Deferred Action for Childhood Arrivals (DACA) was created in 2012 by President Obama’s Department of Homeland Security to allow immigrants who arrived in the United States as children without a lawful immigration status to remain in the country temporarily without fear of deportation. Temporary Protected Status (TPS) was created by statute in 1990 as a humanitarian program to allow the executive branch to suspend deportations for foreign-born persons in the United States if their countries of origin were destabilized by a disaster or armed conflict. DACA and TPS combined cover approximately one million immigrants—many of whom have lived in the United States for decades.

In addition to a temporary reprieve from deportation, both programs allow recipients to apply for employment authorization documents (EADs) that allow them to work legally. The availability and issuance of EADs is vastly important to ensuring fairness in the workplace because they give DACA and TPS recipients workplace rights by removing the threat of deportation. The impact of having an EAD can be significant and life-changing. For example, according to one survey, DACA recipients saw their wages rise on average by 78 percent after receiving an EAD.

President Trump entered office as a critic of both DACA and TPS and has used his executive authority to attempt to strip recipients of their protections. At the moment, multiple federal court decisions have temporarily prevented president Trump from ending DACA for all current recipients and for many TPS recipients. It appears that DACA will remain in place through at least the rest of 2019, but things are much less certain for many thousands of TPS recipients, for whom DHS has already announced an end date for their temporary immigration status.

Many Democratic lawmakers have rightly prioritized achieving policy reforms that would provide DACA and TPS recipients with a path to permanent residence and citizenship.

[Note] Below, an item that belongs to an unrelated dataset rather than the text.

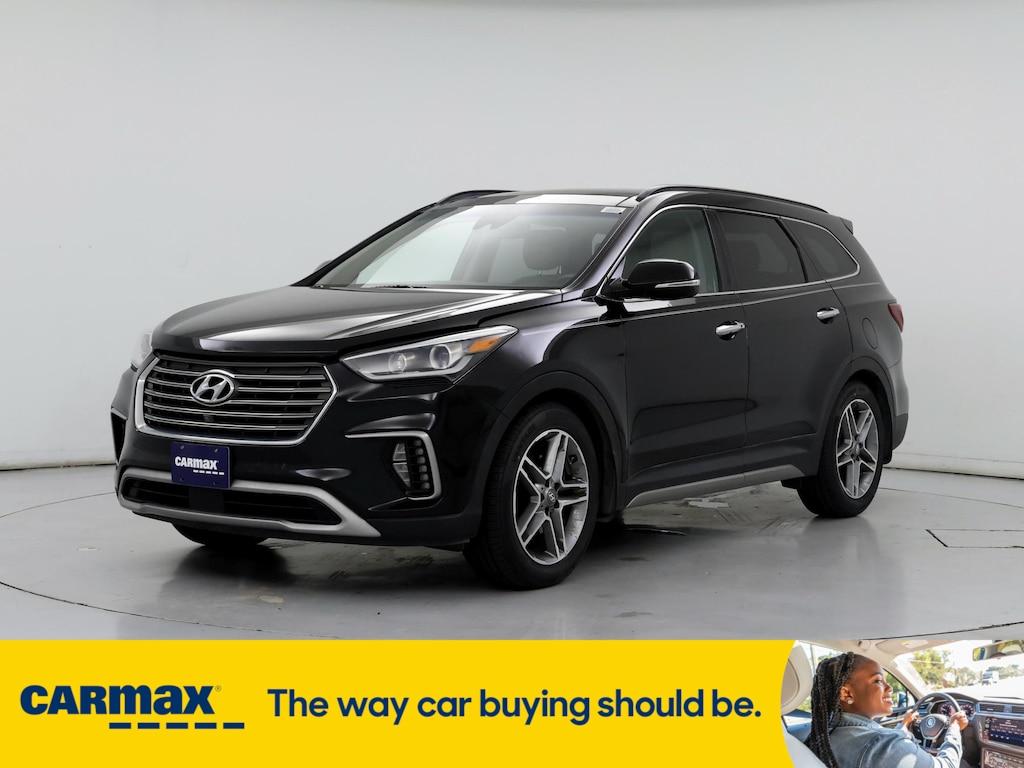 used 2017 Hyundai Santa Fe car, priced at $18,998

Knowing this, a few weeks ago President Trump and Senate Republicans attempted to dupe Democratic legislators into agreeing to an appropriations deal to end the shutdown that would have enacted a right-wing wish list of measures to beef up immigration enforcement and restrict access to asylum-seekers, while offering so-called protections for DACA and TPS recipients that were arguably worse than the status quo and would have barred many from qualifying. The bill offered by Senate Republicans at Trump’s behest was a bad faith ploy to make major reforms to the U.S. immigration system while holding hostage 800,000 federal employees who were struggling to survive without a paycheck. The Republican bill was rejected in the Senate on January 24, getting even fewer votes than the Democratic proposal that included no funding for border security.

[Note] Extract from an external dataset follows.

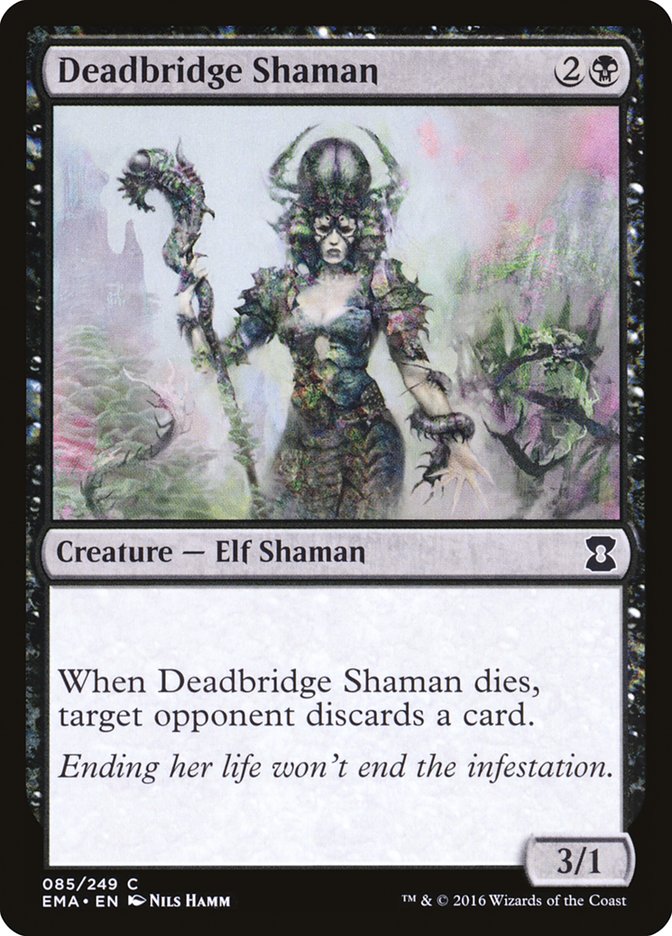 Deadbridge Shaman [Eternal Masters] | Tables and Towers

Recent reporting has revealed that DACA and TPS are unlikely be part of a new legislative package to increase border security funding and keep the government open beyond February 15. That fact, combined with the lack of the support in Congress for the previous Trump-backed legislation, suggests there’s little hope of any law being enacted that will protect DACA or TPS recipients while Trump is in the White House. That’s a crisis and a tragedy that could leave one million taxpaying workers who have lived in the United States for decades fearing deportation and employers willing to use that vulnerability against them in order to underpay and exploit them.

Considering Trump’s recently revealed business practices, perhaps that’s by design. His company has benefitted from the labor of unauthorized immigrant employees for nearly two decades—but once this fact was revealed by the New York Times, they began the process of firing them all. Senator Menendez (D-N.J.) has called for an investigation after meeting with some of Trump’s employees, noting that the workers “describe[d] a hostile environment where they were verbally abused and threatened,” and requested that they be protected from deportation during the investigation. Hopefully Trump’s employees—and the rest of the 8 million unauthorized immigrant workers in the U.S. labor force, including DACA and TPS recipients—will someday get what they deserve for their contributions to the U.S. economy and society: legalization and a path to citizenship.